From: Keith Busch <keith.busch@intel.com>
To: Jens Axboe <axboe@kernel.dk>, linux-block@vger.kernel.org
Cc: linux-nvme@lists.infradead.org, Christoph Hellwig <hch@lst.de>,
Sagi Grimberg <sagi@grimberg.me>,
Bart Van Assche <bart.vanassche@wdc.com>,
Ming Lei <tom.leiming@gmail.com>,
Keith Busch <keith.busch@intel.com>
Subject: [RFC PATCH] blk-mq: User defined HCTX CPU mapping
Date: Mon, 18 Jun 2018 11:32:06 -0600 [thread overview]
Message-ID: <20180618173206.19506-1-keith.busch@intel.com> (raw)
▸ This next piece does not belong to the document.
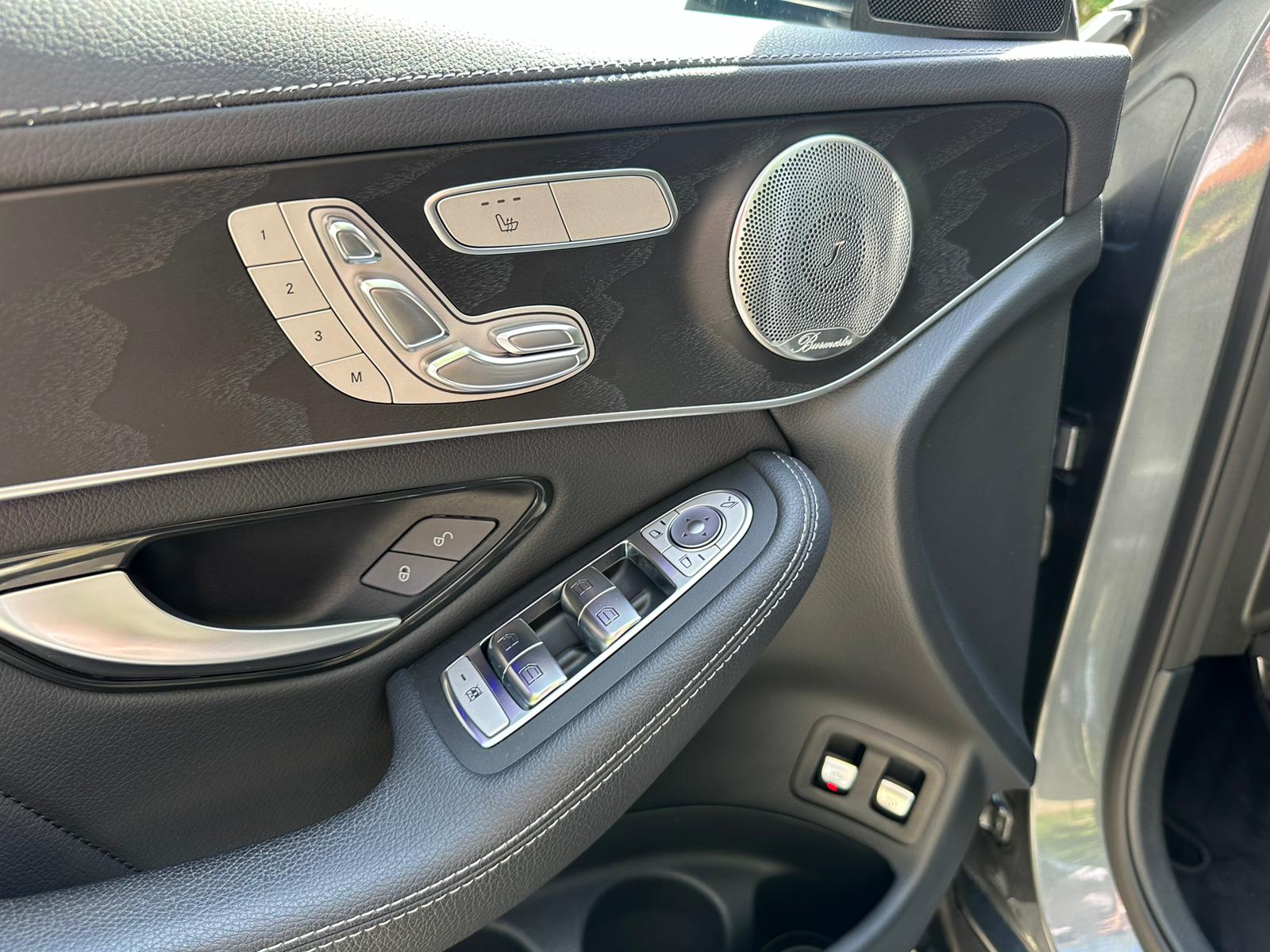 MERCEDES-BENZ GLC 300 d AMG Line 4Matic 9G-Tronic-image-12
The default mapping of a cpu to a hardware context is often generally
applicable, however a user may know of a more appropriate mapping for
their specific access usage.
This patch allows a user to define their own policy by making the mq hctx
cpu_list writable. The usage allows a user to append a comma separated
and/or range list of CPUs to a given hctx's tag set mapping to reassign
what hctx a cpu may map.
While the writable attribute exists under a specific request_queue, the
settings will affect all request queues sharing the same tagset.
The user defined setting is lost if the block device is removed and
re-added, or if the driver re-runs the queue mapping.
Signed-off-by: Keith Busch <keith.busch@intel.com>
---
block/blk-mq-debugfs.c | 16 ++++++----
block/blk-mq-debugfs.h | 11 +++++++
block/blk-mq-sysfs.c | 80 +++++++++++++++++++++++++++++++++++++++++++++++++-
block/blk-mq.c | 9 ------
block/blk-mq.h | 12 ++++++++
5 files changed, 112 insertions(+), 16 deletions(-)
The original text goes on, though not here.